In the immediate aftermath of EnCana Corp.’s decision announced Monday to sell its natural gas storage business, including underground facilities in California, Oklahoma and Alberta, several western companies declined to comment on whether they would be interested in one or more of the facilities. EnCana announced Monday it intends to divest the storage business either through a competitive auction or an initial public offering (see Daily GPI, June 21).

San Diego-based Sempra Energy has an active storage development business as an offshoot of its liquefied natural gas (LNG) terminal development, and its Southern California Gas Co. utility operates one of the nation’s largest utility-run underground storage systems. A San Diego-based Sempra spokesperson declined to comment.
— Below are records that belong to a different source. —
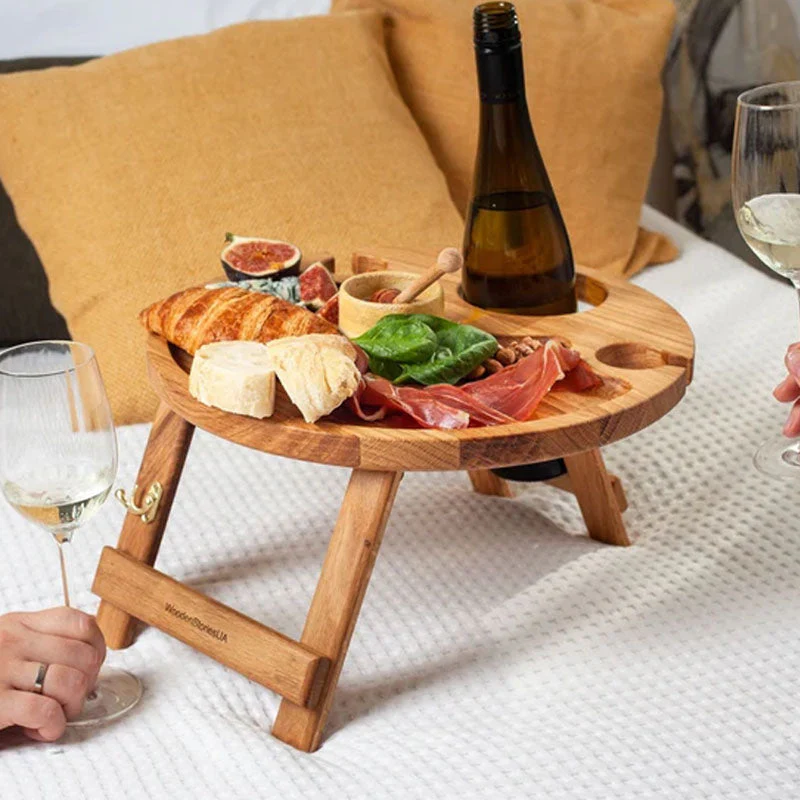 Foldable Oak Wood Table with Wine and Glass Holders - Image 2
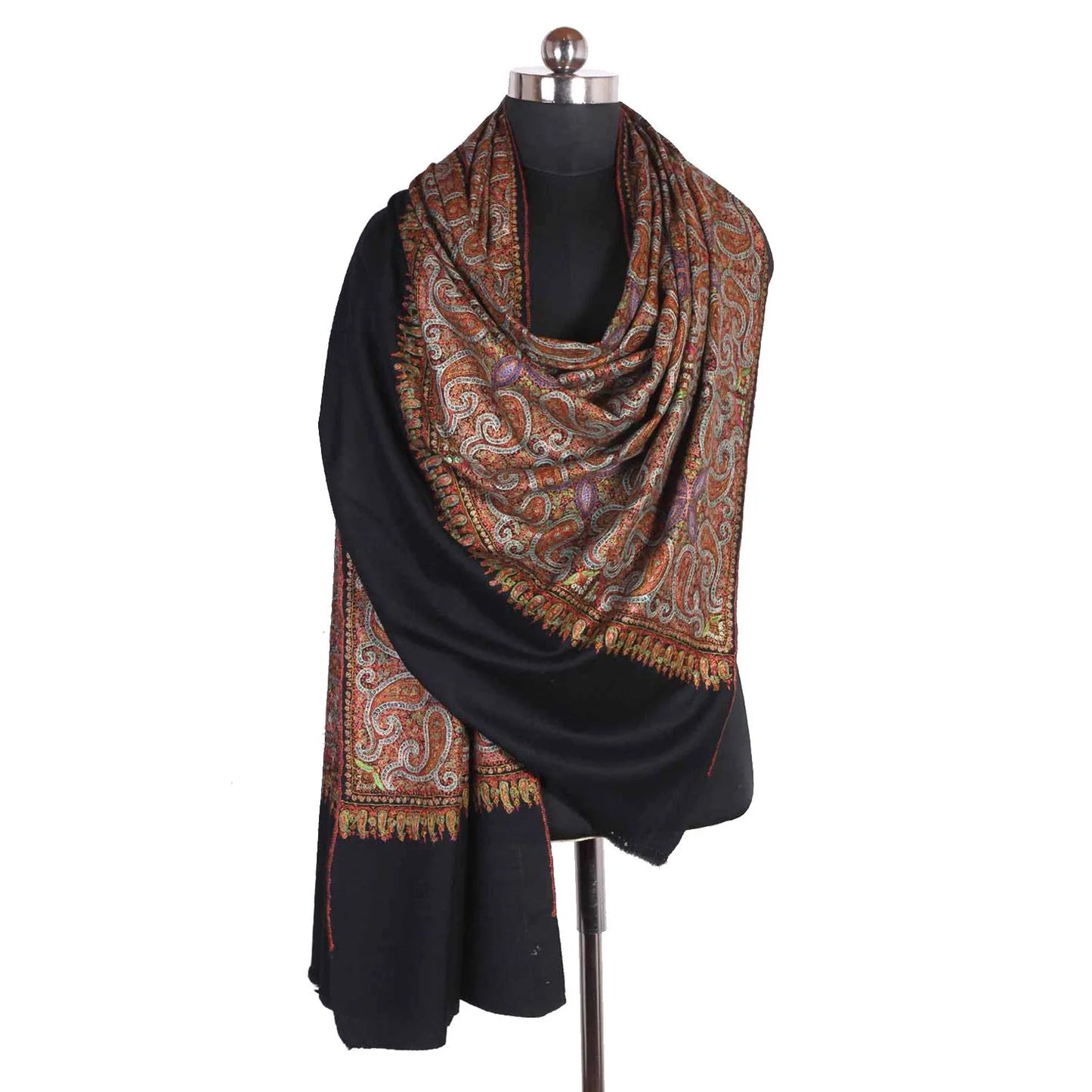 Full Jamawar black Cashmere Pashmina Shawl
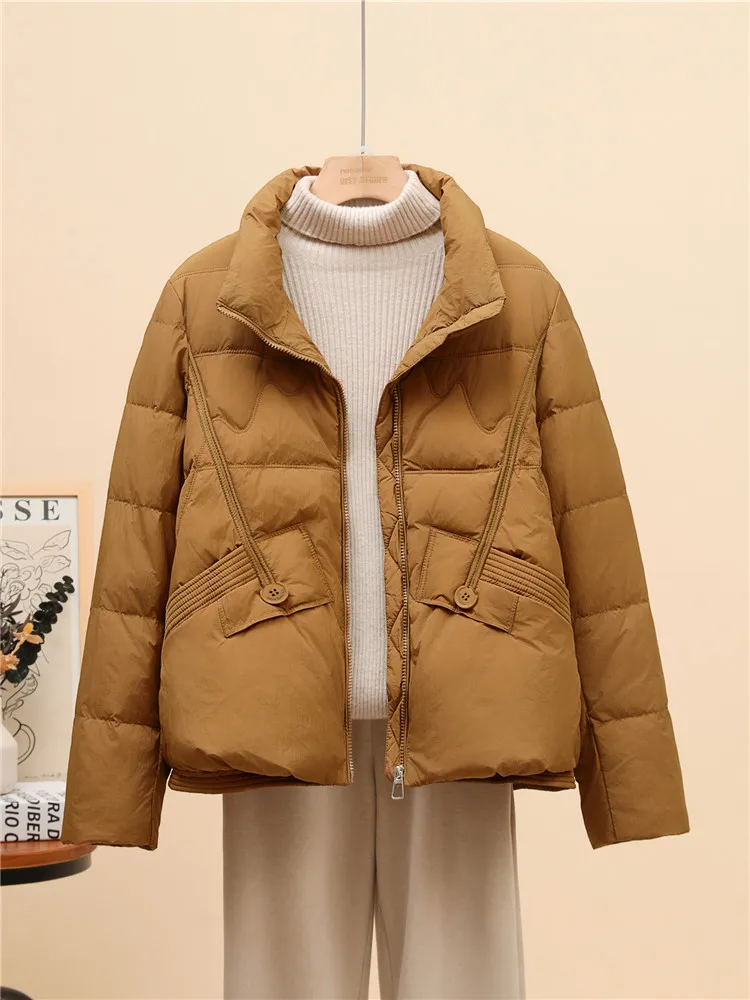 Lightweight Down jacket Women 2024 Autumn and Winter New White Duck Down Small Stand Collar Short Fashion Loose Warm Outerwear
In northern California, a Pacific Gas and Electric Co. utility spokesperson said it is too early to comment, but the company is evaluating the potential pluses and minuses. EnCana’s Wild Goose Storage facility is located in the PG&E utility territory and has a pipeline interconnecting with PG&E’s backbone transmission pipeline system.

A spokesperson for a third potential bidder, ScottishPower’s Portland, OR-based PPM Energy, said the company is always interested in good potential energy projects, but it could not comment specifically on EnCana’s storage facilities.

At the time of the announced sale of its PacifiCorp utility business last month, ScottishPower officials said PPM has accumulated about an 11% market share in natural gas storage, and it planned to “triple the business” over the next five years. CEO Ian Russell said the merchant energy operator intends to own 125 Bcf of merchant storage in North America by 2010 (see Daily GPI, May 25).